Garantizada así la calma interracial, la victoria de Casey Affleck (que me cae como muy mal, pero es bastante mejor actor que su hermano) tiene cierta lógica cinematográfica (aunque a mí ese exceso de contención que se trae en Manchester by the sea, en plan "fíjate la cantidad de cosas que me pasan por dentro mientras no expreso ninguna, no vaya a ser que me cales" no me ha terminado de convencer) y también extracinematográfica, porque premiar a Denzel Washington por Fences (en la que hubiera sido su tercera -¿estamos MAJARAS?- estatuilla), tras haberle dado uno de los Oscar más vergonzosos ever por Training Day (mayormente por ser vos quien sois, así de morenito), hubiera sido un exceso desacreditador de los premios. Pero con la pelota muerta en el área, ha vuelto a marcar para el equipo colorado Mahershala Ali por el camello veterano de Moonlight, un premio muy merecido además de políticamente apropiado. Y finalmente, Emma Stone, que sostiene con su naturalidad y encanto casi todo el peso de La La Land, ha sido un premio hollywoodiensemente inobjetable, aunque la mejor encarnación femenina del año (por muchísmo) ha sido la de Isabelle Huppert en Elle. Pero premiar a francesas por una película en francés ya no es In. Marcador al final: los dos protagonistas blancos, los dos secundarios negros. Asumible. Hollywood hace sus deberes y el malo sigue siendo Trump.

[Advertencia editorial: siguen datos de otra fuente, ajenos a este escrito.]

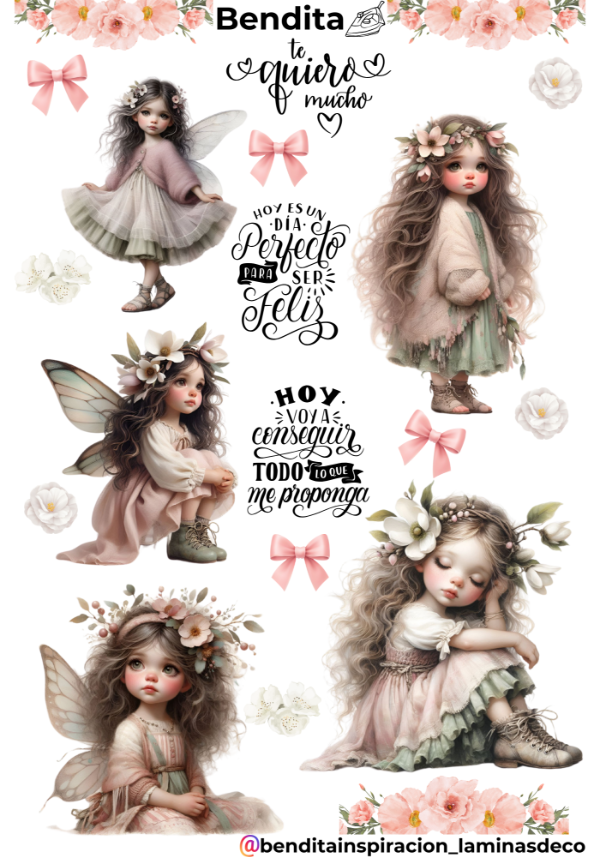 Producto - Bendita Plancha 186 Hadas tonos rosas y verdes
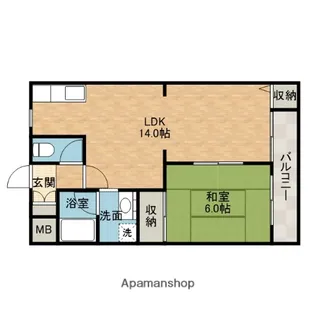 ハイツ八幡【3階】の間取り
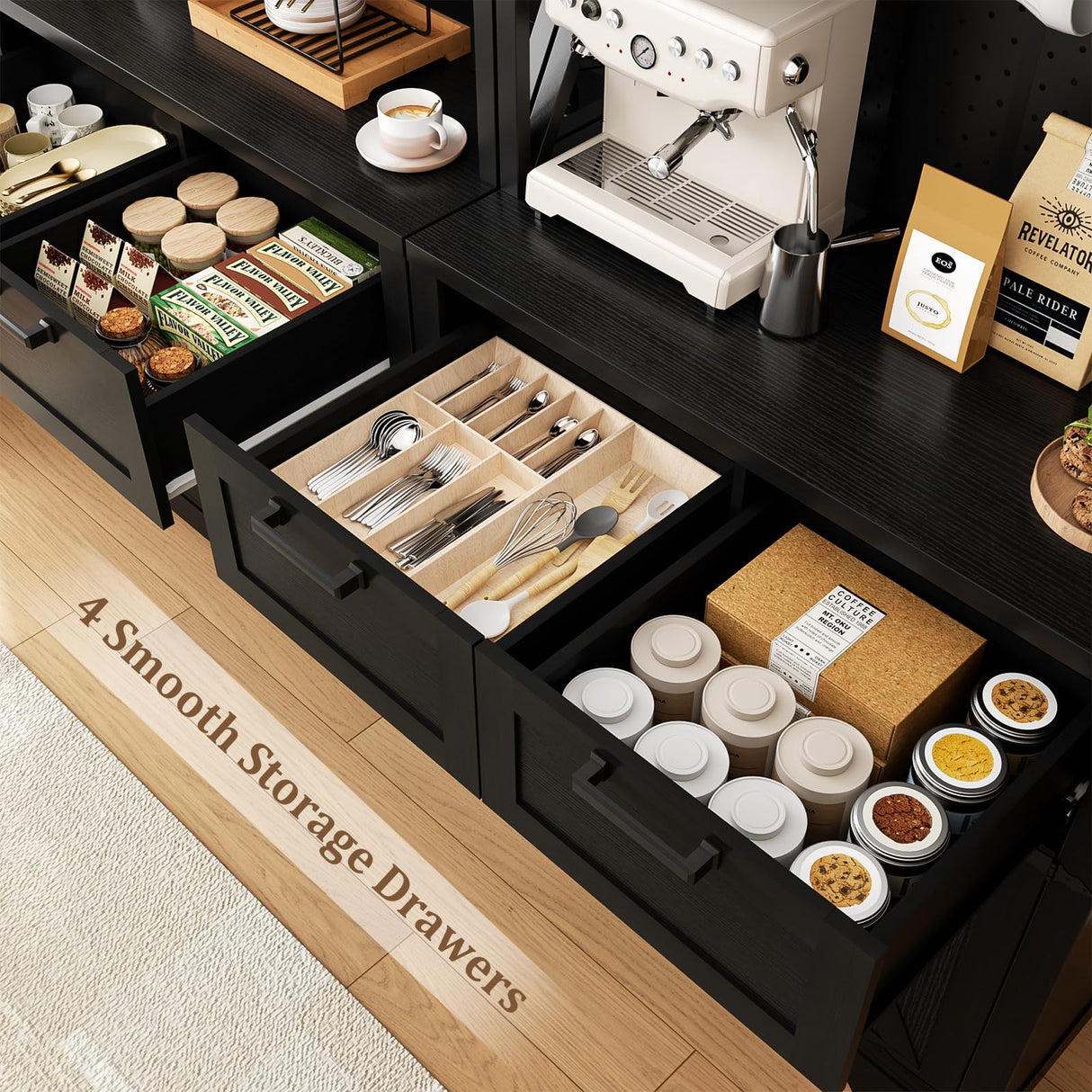 Unikito 71" Tall Kitchen Pantry Storage Cabinet with LED Light & Outlet, 63" Wide Kitchen Hutch Cabinet with Large Countertop, DIY Pegboard and Drawers, Farmhouse Food Pantry for Living Room, Black Unikito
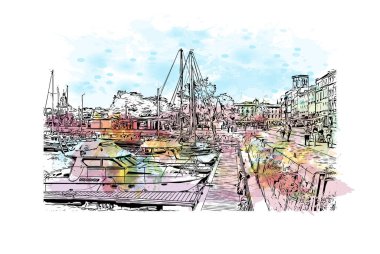 La Rochelle 'in simgesi olan Print Building View, Fransa' da bir şehirdir. Vektörde elle çizilmiş resim ile suluboya sıçraması.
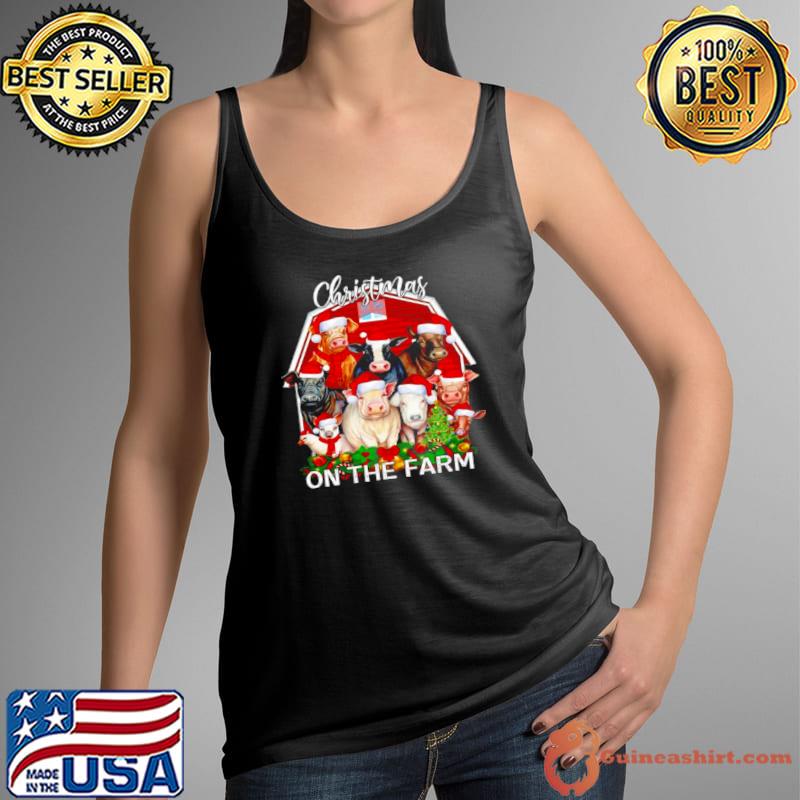 Animals Santa Christmas on the farm s Tank Top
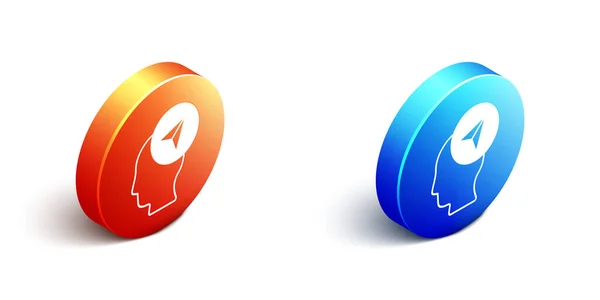 等距地图标识与一个人的轮廓图标孤立在白色背景 Gps定位符号 橙色和蓝色的圆形按钮 — 图库矢量图片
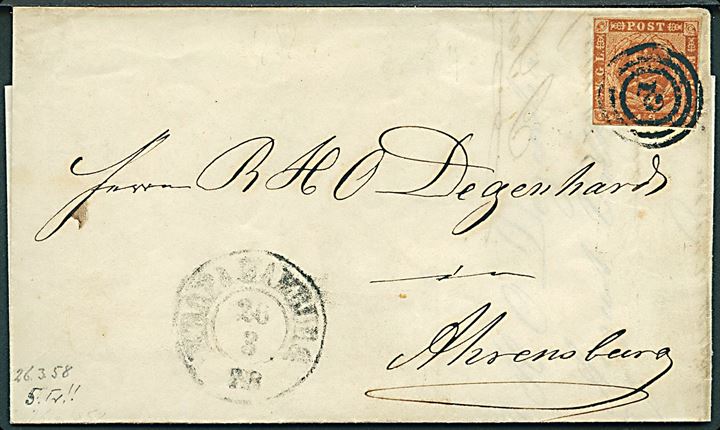 4 sk. 1854 udg. 5. tryk på brev annulleret med nr.stempel 2 og sidestemplet K.D.O.P.A. Hamburg d. 26.3.1858 til Ahrensburg.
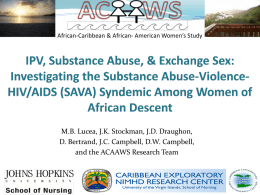 (SAVA) Syndemic Among Women of African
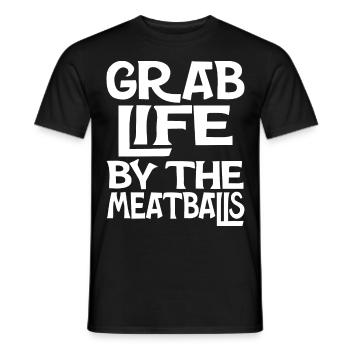 Boulettes de viande Italien Humour Italie - T-shirt homme - noir - Devant - AI Model Male 178 light (178cm)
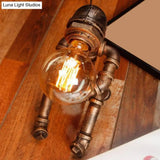 Retro Style Robot Iron Nightstand Lamp In Bronze - Single Bedroom Table Light
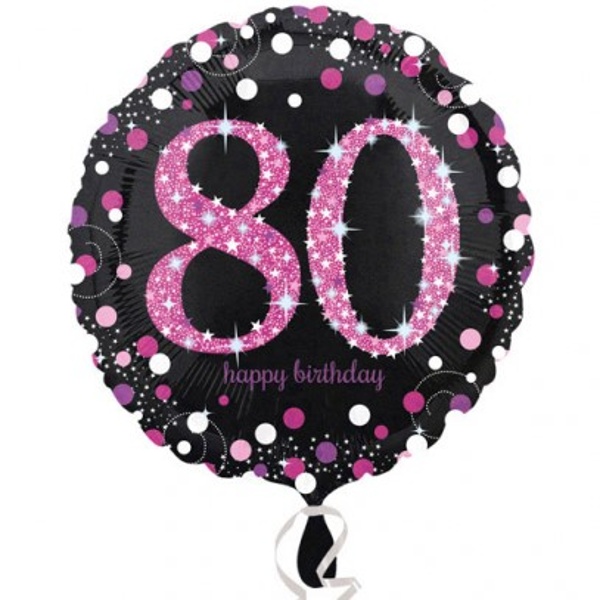 Balónek Sparkling růžový fóliový "80ˇ" 43 cm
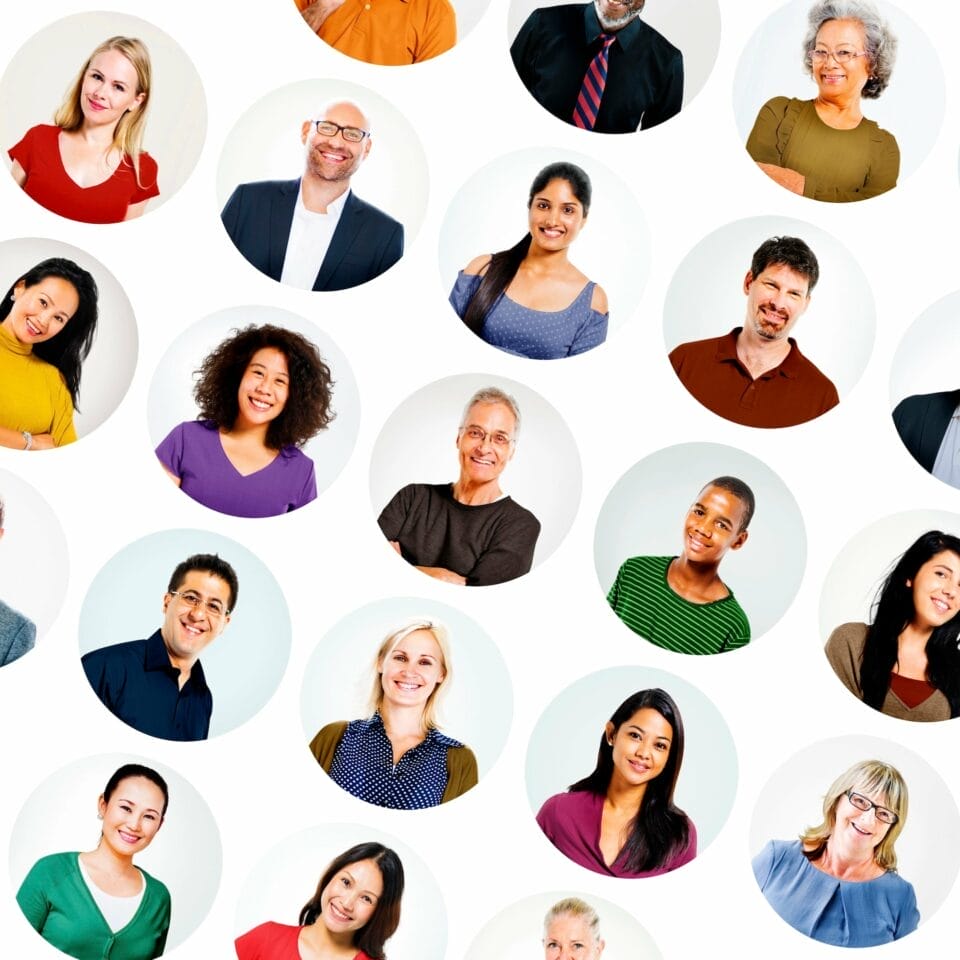 A collage of diverse people, each smiling and posed in individual circular frames against white backgrounds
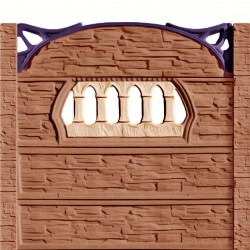 Gard beton Viking 2 stâlpi cu model piatră 2,1 m-1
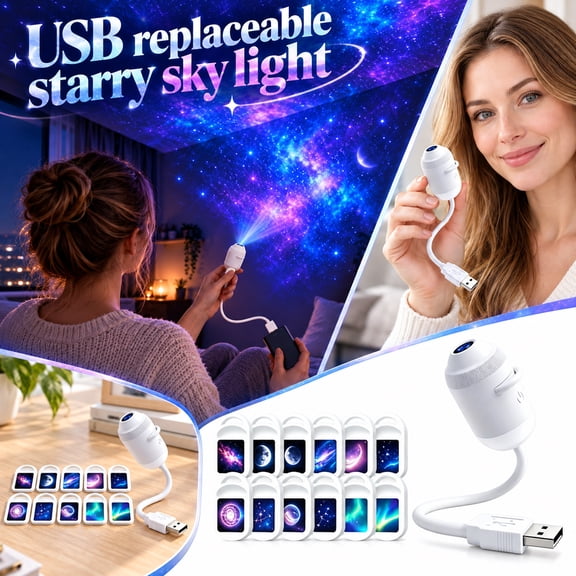 Star Projector Night Light USB Sky Galaxy Projection Lamp for Bedroom Sleep, TPRA Material Starry Ambient Lighting with Soft Glow, Bedside Ceiling Wall Decor, Relaxing Gift for Adults Kids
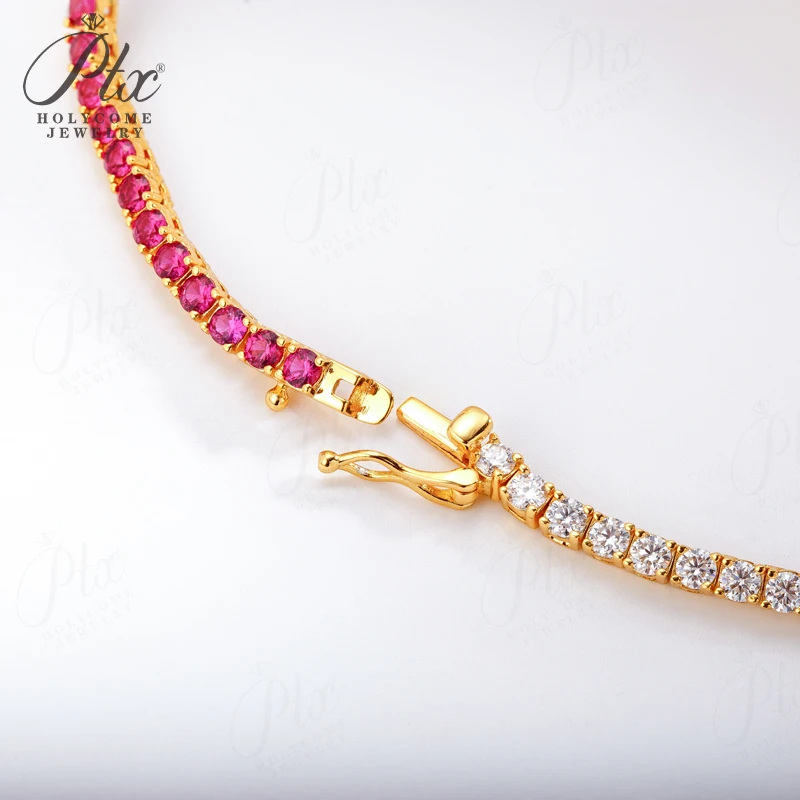 Tennis Necklace Lab Grown Ruby Sapphire Emerald Moissanite 3mm Round 8X8mm Heart Shape 16 18 20inch 925 Silver Sweet Chain Charm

Por encima de los premios técnicos más o menos bien adjudicados, espléndido me ha parecido el triunfo de Damien Chazelle como mejor director por La La Land. Es que hay que dirigir ESA película. Coreografías complicadísimas, espléndido uso de colores, música con significado dramático, bailes, flashbacks, magnífica dirección de actores... La La Land puede entusiasmar o no (aunque es muy difícil que no agrade), pero el oficio del artesano de historias, el arte de "fabricar sueños", es precisamente lo que Chazelle hace en ese trabajo. Lo cual, en un mundo donde soñar cada vez parece más difícil (y más ante un futuro que parece tan sombrío), es muy de agradecer. El año que viene sabremos si hemos podido seguir soñando.
_________________ Die Wahrheit ist bei mir, Mandryka.